Наверное, ему просто нравится слово «тысяча». Оно окрашено в царский пурпур, это слово, оно сияет золотом. «Тысячу воинов в шлемах из бронзы поверг он, влекомый отвагой!» — аэды будут славить подвиги Эврилоха, исходя слюной вдохновения. Если убивать по врагу вдень… Нет, три года — это слишком долго. Пускай убивает каждый день по три, пять, десять врагов!

Тогда я вернусь быстрее.

Двенадцать кораблей ждут рассвета. Рассвета, попутного ветра, туго натянутых парусов или, на худой конец, дружных взмахов веслами. Каждая скорлупка готова вместить полусотню вот таких неугомонных Эврилохов — всех вместе, на круг, едва ли не вдвое меньше, чем собирается убить мой друг детства. Наверное, надо мной будут смеяться, когда мы доберемся до Авлиды — места общего сбора. Наверняка будут. По слухам, только я да Аякс-Большой предводительствуем жалкой дюжиной судов. Только моя Итака и его Саламин являют миру свое ничтожество.

Пусть смеются.

А я засмеюсь вместе со всеми. Нет! — я засмеюсь громче всех, хлопая себя по ляжкам, сгибаясь в три погибели, и предложу сосчитать: если каждый мой Эврилох убьет по тысяче врагов, то хватит ли у троянцев жертв на всех остальных, смехолюбивых и медношеих героев?

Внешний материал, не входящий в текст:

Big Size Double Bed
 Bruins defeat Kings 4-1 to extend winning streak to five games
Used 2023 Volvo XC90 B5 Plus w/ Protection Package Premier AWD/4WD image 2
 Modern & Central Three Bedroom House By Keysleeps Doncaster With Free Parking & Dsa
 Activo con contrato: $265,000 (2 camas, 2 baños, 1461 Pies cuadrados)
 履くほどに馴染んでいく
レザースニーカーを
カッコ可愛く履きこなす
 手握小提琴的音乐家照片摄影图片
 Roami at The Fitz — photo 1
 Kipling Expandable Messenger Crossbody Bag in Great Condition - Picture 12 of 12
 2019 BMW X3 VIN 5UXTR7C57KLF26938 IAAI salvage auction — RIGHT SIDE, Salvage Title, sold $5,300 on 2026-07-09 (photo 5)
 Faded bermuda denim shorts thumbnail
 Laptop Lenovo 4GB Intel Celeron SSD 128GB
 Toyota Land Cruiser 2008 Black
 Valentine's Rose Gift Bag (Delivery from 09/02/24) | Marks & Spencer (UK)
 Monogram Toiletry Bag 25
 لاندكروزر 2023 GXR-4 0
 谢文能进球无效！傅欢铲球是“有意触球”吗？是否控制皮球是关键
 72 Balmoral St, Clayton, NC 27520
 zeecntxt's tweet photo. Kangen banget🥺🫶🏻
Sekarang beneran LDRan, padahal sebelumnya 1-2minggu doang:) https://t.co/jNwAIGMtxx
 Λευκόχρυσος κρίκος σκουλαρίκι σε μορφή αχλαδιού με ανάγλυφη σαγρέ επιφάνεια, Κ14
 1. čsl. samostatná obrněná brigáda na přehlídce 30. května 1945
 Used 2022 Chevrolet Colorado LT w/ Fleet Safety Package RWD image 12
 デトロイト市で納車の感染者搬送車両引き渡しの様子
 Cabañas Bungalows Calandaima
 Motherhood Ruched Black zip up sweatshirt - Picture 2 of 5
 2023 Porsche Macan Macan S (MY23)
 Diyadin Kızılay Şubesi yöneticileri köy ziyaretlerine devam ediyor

Они будут считать, забыв о веселье; они будут шевелить губами и морщить лбы, загибать пальцы и многозначительно хмурить брови, а потом все забудется само собой.

Я всегда умел отвечать быстро и обидно.

Порок? достоинство? кто знает?!

Полагаю, в этот момент мелкой, дрянной победы мне станет скучно. Наверняка станет. Я дождусь, когда их глаза перестанет затягивать поволока недоумения, когда одни начнут командовать, другие — подчиняться, а третьи примутся добросовестно мешать и тем, и другим; я отойду в сторонку, присяду на корточки и буду долго смотреть на людей, собравшихся многотысячной толпой для единственной цели — самоубийства.

— Я убью тысячу врагов!.. — оглушающим беззвучием повиснет над морем голов. — Я!.. тысячу!..

Срезанные колосья — вот вы кто. Клыки дракона уже упали в борозду, пустили корни, пробились ростками, и вот вы все поднялись из-под земли чудовищным урожаем: в броне, ощетинившись жалами копий, до краев налитые соками жизни. Но серп наточен, и жнецы выстроились на краю богатой нивы. Я с вами, братья мои, я один из вас, колос меж колосьев, только вы полагаете, будто уезжаете, а я знаю, что возвращаюсь.

Я вернусь.

Мне просто очень не хочется в одиночестве качаться на ветру, на черных просторах опустелой нивы, не хочется, но если даже и так, я согласен.

Последний глоток отдает тоской. Кислой, слегка терпкой тоской — и еще уверенностью, что я неправильно провожу последнюю ночь дома. Эта уверенность мерзко скрипит, песком на зубах, рассохшейся дверью, острием стилоса по вощеной табличке; мне кажется, где-то там, в черной ночи, хитрый аэд-невидимка записывает каждый мой вдох и каждый выдох, отдающий хмельной кислятиной. Что ты пишешь, аэд? о чем? зачем?! Ты же не знаешь обо мне ровным счетом ничего! ничегошеньки!.. в твоих россказнях у меня вырастет кудлатая.бородища, насквозь прошитая сединой, по лбу разбегутся борозды морщин, а левый глаз прищурится то ли лукаво, то ли просто из-за шрама на скуле! Аэд, ты будешь врать и скрипеть, скрипеть и врать, покрывая меня коростой лет и струпьями мудрости, словно нищего у рыночных ворот — чтобы у слушателей раскрывались рты от изумления, чтобы тебе в миску падали не обглоданные кости, а жирные куски свинины, чтобы тебе дали хорошенько отхлебнуть из пиршественного кратера, а потом дали отхлебнуть еще разок…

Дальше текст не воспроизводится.